> Directions for this task: Leaving out only the pictures, write out all the entries exactly.

*** Block opens ***

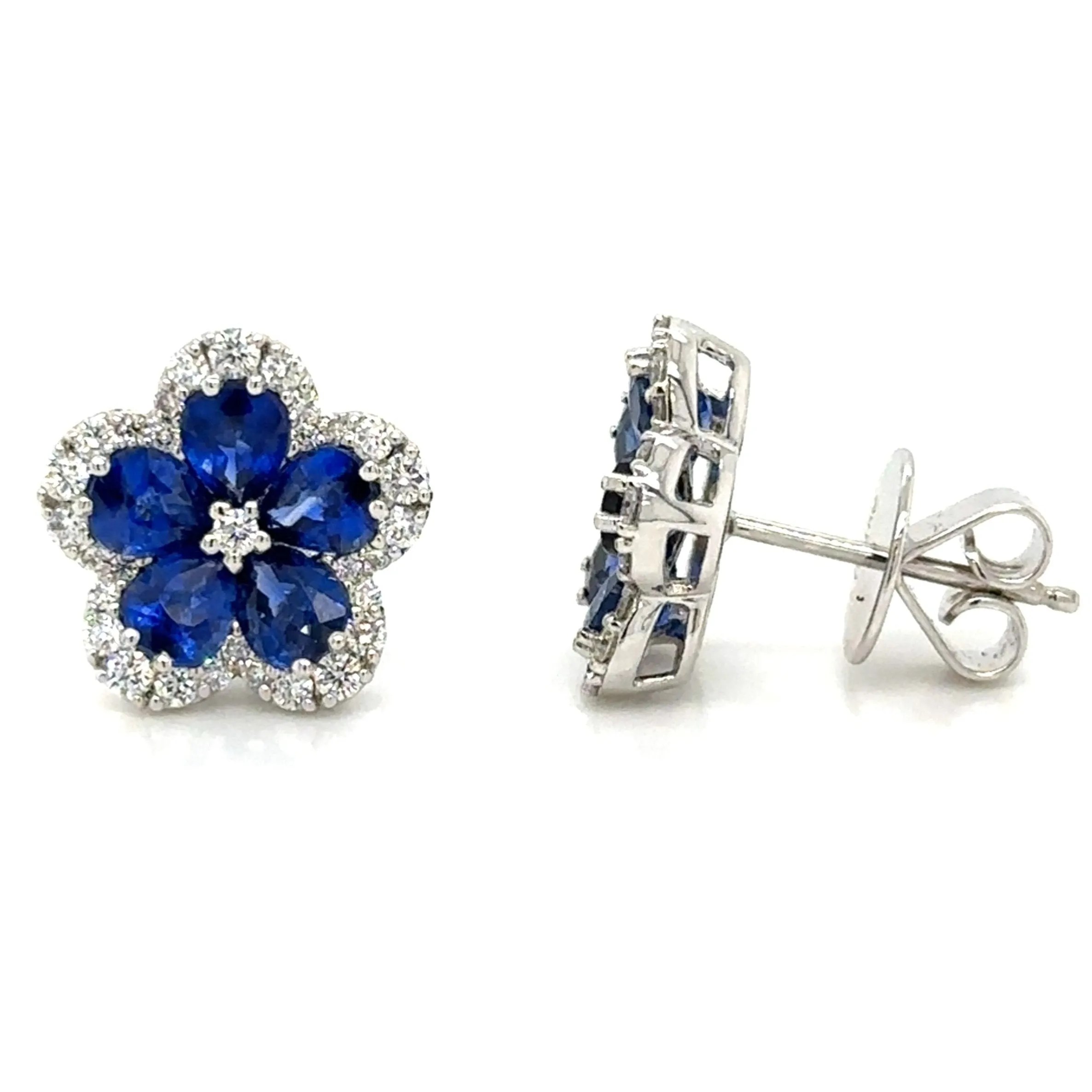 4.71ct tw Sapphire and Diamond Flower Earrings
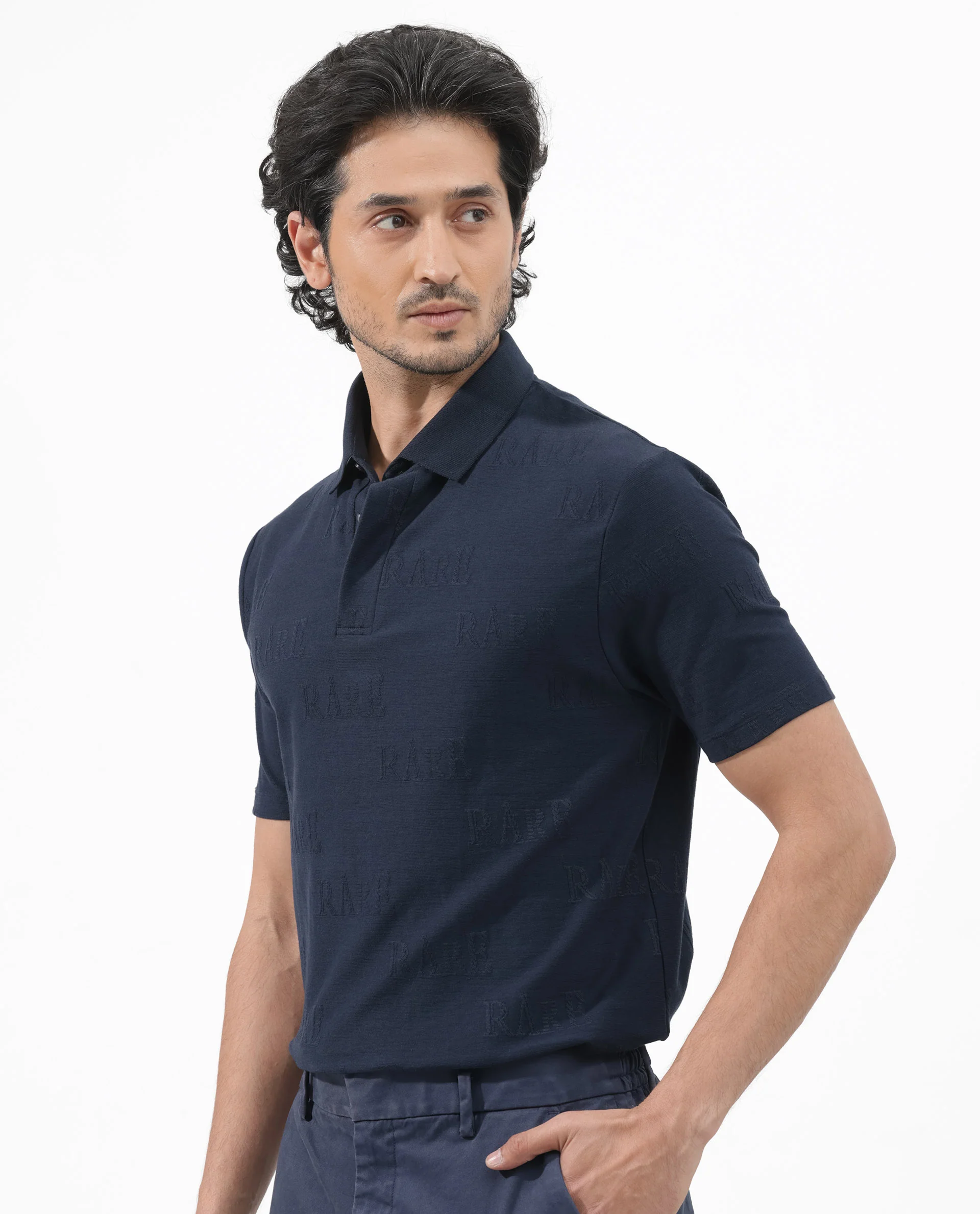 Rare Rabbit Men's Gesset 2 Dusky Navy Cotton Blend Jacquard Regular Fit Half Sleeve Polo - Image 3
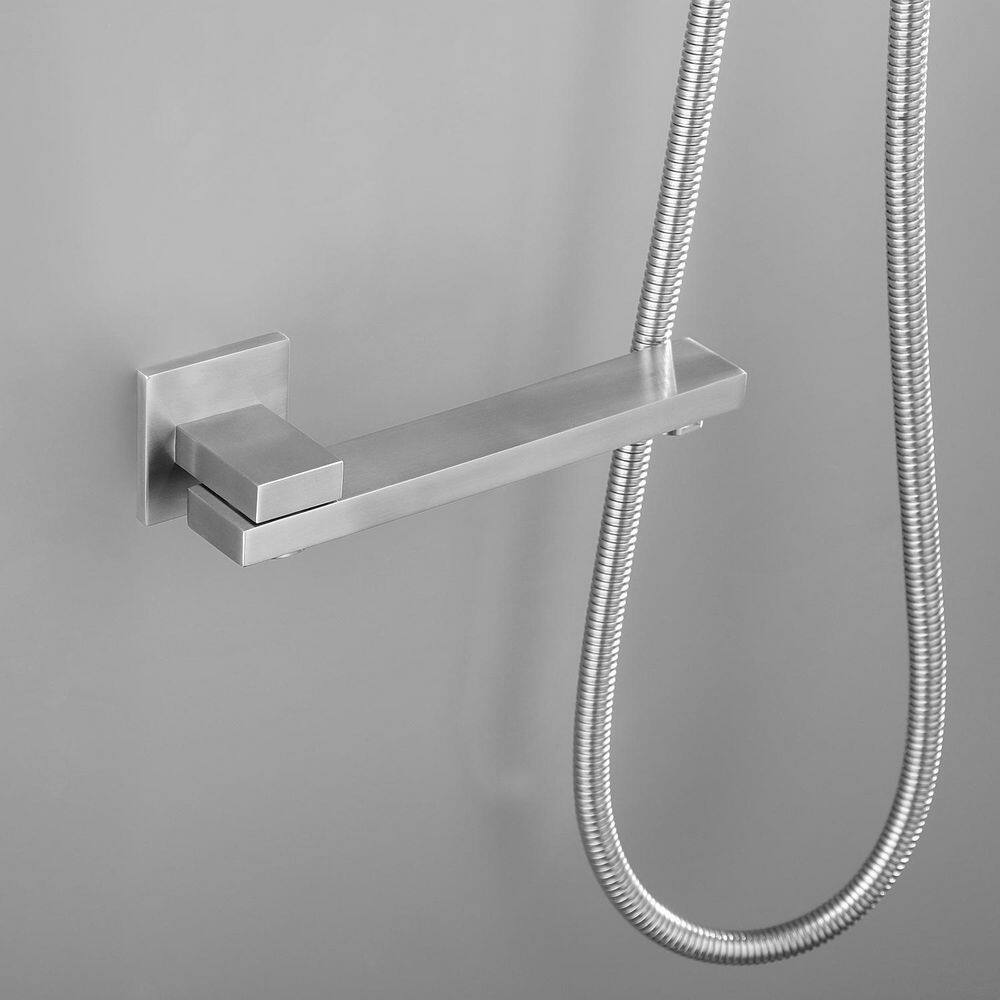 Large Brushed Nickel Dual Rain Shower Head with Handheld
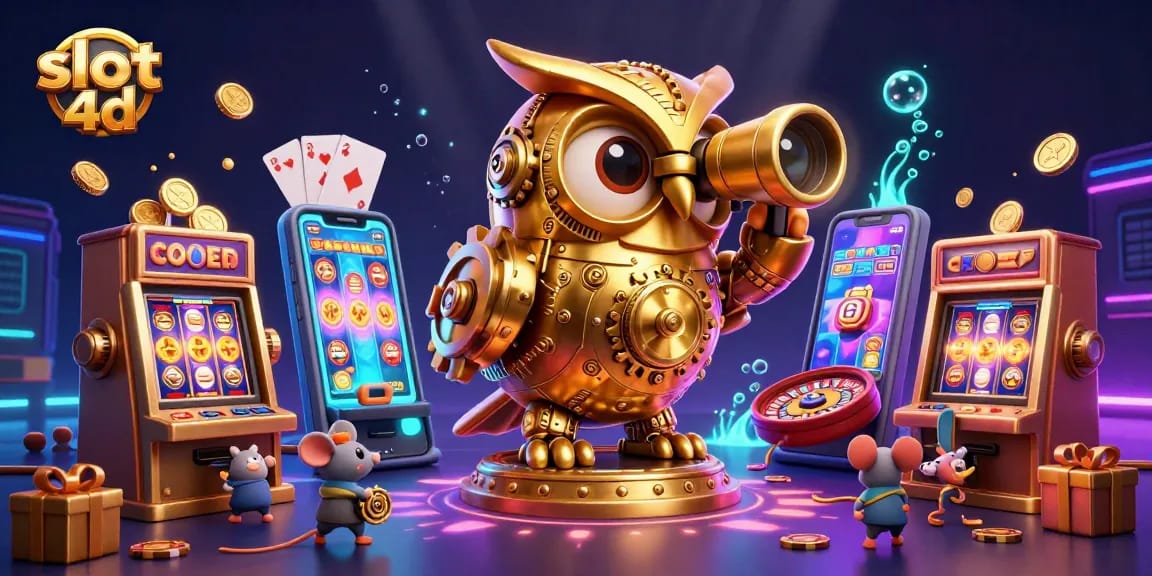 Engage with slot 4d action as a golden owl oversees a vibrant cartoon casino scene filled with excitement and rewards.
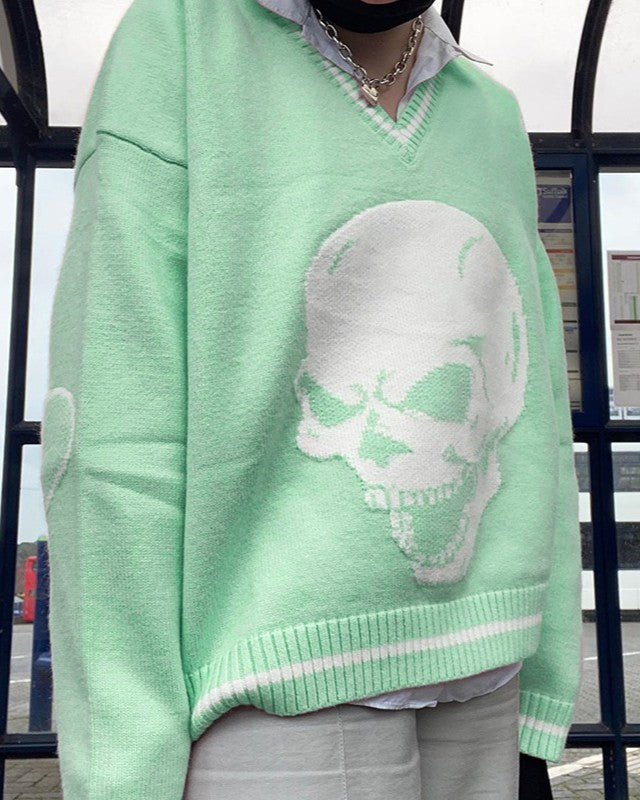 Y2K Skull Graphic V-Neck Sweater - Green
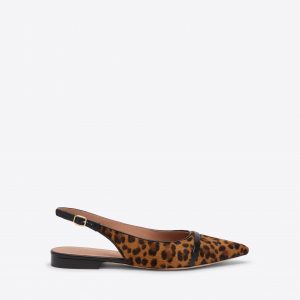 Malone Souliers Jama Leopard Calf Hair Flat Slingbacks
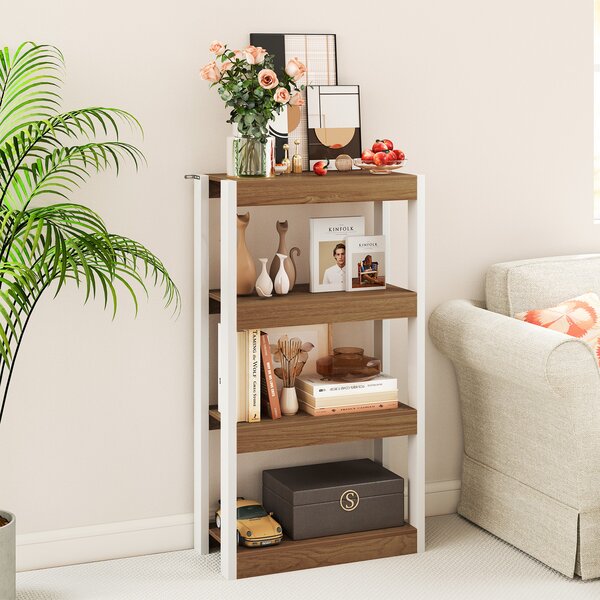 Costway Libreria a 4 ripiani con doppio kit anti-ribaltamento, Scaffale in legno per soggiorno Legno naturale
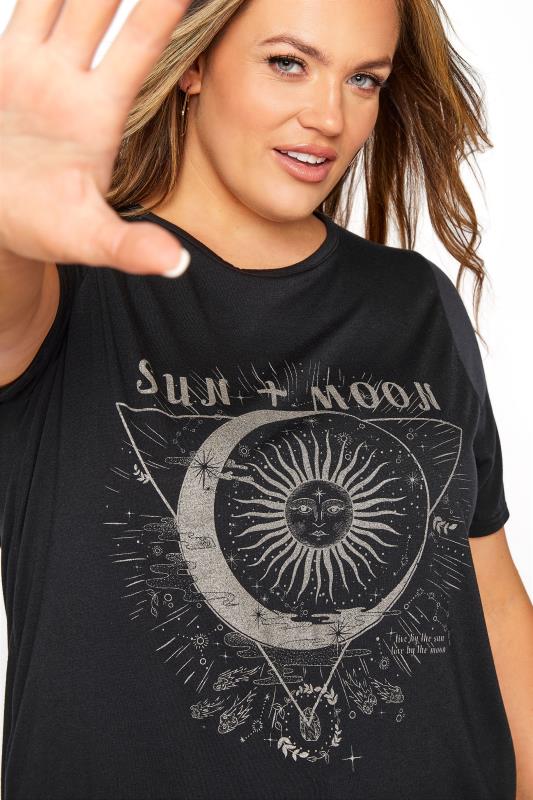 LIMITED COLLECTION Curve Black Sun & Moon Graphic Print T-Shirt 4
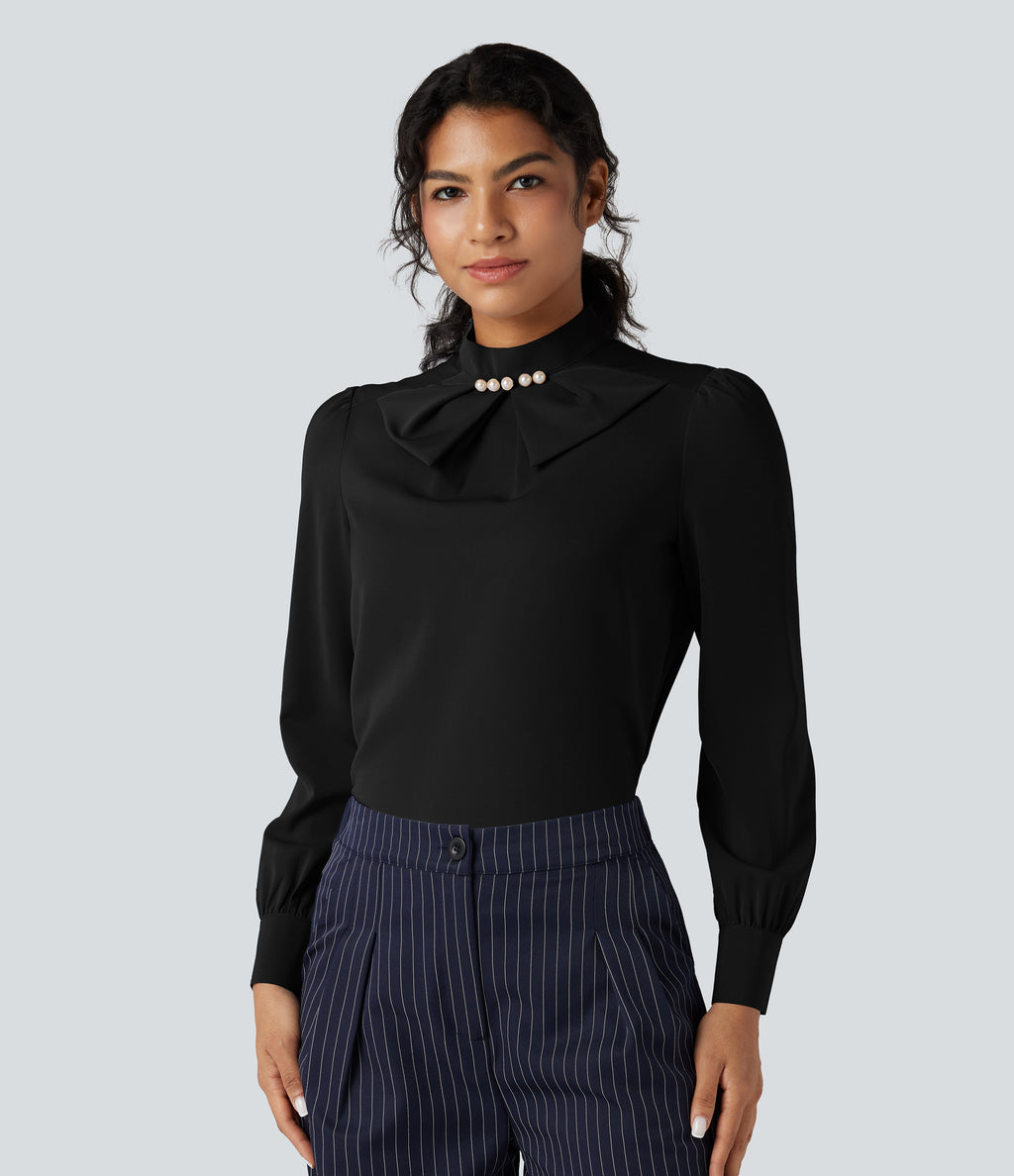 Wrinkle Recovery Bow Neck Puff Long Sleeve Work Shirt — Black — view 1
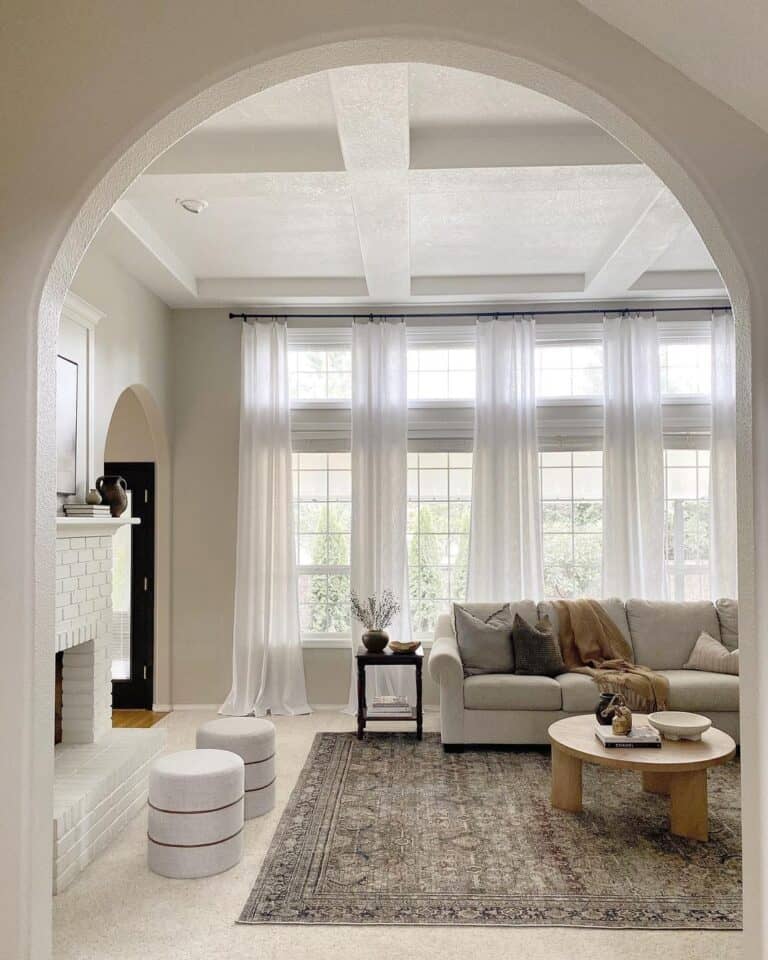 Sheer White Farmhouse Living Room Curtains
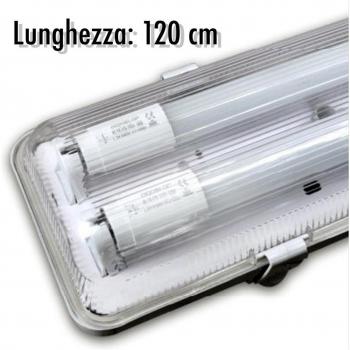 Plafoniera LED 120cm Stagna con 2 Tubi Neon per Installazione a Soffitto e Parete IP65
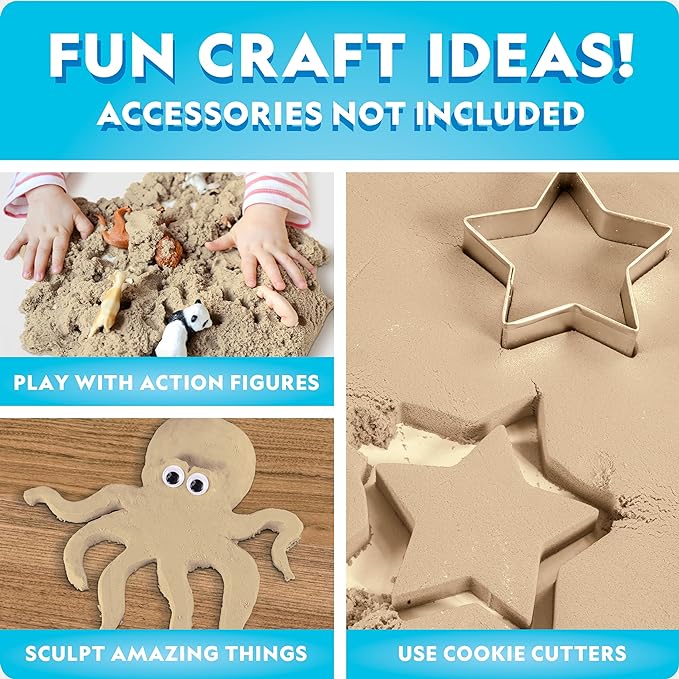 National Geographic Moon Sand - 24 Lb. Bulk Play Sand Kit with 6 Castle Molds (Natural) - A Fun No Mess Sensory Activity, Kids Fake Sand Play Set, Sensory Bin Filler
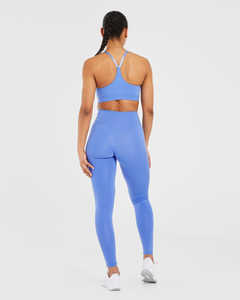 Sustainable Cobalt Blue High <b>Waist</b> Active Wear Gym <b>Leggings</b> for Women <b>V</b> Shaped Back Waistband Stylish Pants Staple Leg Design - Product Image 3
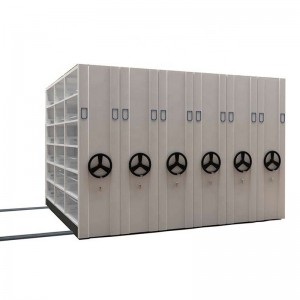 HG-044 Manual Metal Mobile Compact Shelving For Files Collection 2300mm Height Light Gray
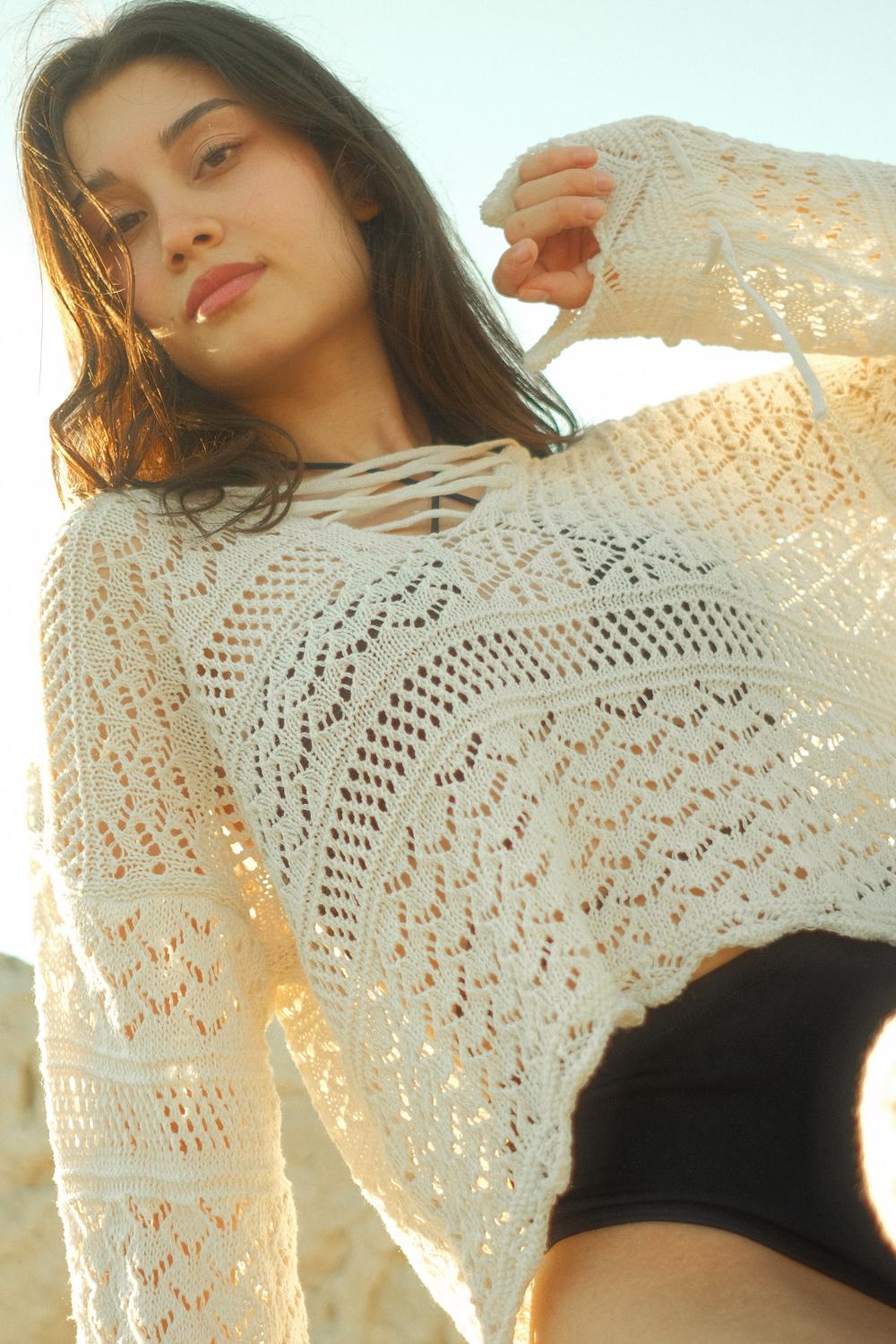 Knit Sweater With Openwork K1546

*** Block closes ***

> Result of this exercise:
 4.71ct tw Sapphire and Diamond Flower Earrings
 Rare Rabbit Men's Gesset 2 Dusky Navy Cotton Blend Jacquard Regular Fit Half Sleeve Polo - Image 3
 Large Brushed Nickel Dual Rain Shower Head with Handheld
 Engage with slot 4d action as a golden owl oversees a vibrant cartoon casino scene filled with excitement and rewards.
 Y2K Skull Graphic V-Neck Sweater - Green
 Malone Souliers Jama Leopard Calf Hair Flat Slingbacks
 Costway Libreria a 4 ripiani con doppio kit anti-ribaltamento, Scaffale in legno per soggiorno Legno naturale
 LIMITED COLLECTION Curve Black Sun & Moon Graphic Print T-Shirt 4
 Wrinkle Recovery Bow Neck Puff Long Sleeve Work Shirt — Black — view 1
 Sheer White Farmhouse Living Room Curtains
 Plafoniera LED 120cm Stagna con 2 Tubi Neon per Installazione a Soffitto e Parete IP65
 National Geographic Moon Sand - 24 Lb. Bulk Play Sand Kit with 6 Castle Molds (Natural) - A Fun No Mess Sensory Activity, Kids Fake Sand Play Set, Sensory Bin Filler
 Sustainable Cobalt Blue High <b>Waist</b> Active Wear Gym <b>Leggings</b> for Women <b>V</b> Shaped Back Waistband Stylish Pants Staple Leg Design - Product Image 3
 HG-044 Manual Metal Mobile Compact Shelving For Files Collection 2300mm Height Light Gray
 Knit Sweater With Openwork K1546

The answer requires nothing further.